● ABOUT THIS EXERCISE
Set out exactly every line of the entries below, starting at the line that holds "Coconut Tree By" and stopping after the line that holds "Pressure Fit Stair".

● GIVEN RECORDS
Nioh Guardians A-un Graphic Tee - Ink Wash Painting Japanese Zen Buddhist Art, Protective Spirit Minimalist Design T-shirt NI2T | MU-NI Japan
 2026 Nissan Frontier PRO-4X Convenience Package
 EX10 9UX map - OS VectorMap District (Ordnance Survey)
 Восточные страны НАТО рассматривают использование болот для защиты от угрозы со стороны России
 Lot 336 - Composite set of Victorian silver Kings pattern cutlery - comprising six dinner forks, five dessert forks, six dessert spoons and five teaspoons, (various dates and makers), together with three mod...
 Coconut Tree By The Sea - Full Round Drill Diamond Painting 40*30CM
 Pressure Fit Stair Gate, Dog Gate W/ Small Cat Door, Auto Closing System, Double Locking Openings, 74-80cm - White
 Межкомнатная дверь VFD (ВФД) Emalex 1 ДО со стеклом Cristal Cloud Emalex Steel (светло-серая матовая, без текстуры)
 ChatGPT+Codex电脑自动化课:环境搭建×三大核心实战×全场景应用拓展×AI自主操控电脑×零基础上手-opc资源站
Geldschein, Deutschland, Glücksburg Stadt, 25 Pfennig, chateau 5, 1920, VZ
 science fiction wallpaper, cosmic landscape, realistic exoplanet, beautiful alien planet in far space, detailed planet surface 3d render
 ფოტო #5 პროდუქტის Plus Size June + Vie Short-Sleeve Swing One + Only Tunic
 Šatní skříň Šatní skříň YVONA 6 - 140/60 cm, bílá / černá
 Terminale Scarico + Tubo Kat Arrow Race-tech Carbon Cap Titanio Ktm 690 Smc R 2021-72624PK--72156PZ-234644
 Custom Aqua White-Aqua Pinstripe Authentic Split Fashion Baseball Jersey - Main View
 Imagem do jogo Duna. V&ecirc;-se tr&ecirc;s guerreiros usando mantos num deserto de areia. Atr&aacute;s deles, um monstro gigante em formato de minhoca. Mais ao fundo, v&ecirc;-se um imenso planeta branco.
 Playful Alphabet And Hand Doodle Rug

● RESPONSE FOR THIS EXERCISE
 Coconut Tree By The Sea - Full Round Drill Diamond Painting 40*30CM
 Pressure Fit Stair Gate, Dog Gate W/ Small Cat Door, Auto Closing System, Double Locking Openings, 74-80cm - White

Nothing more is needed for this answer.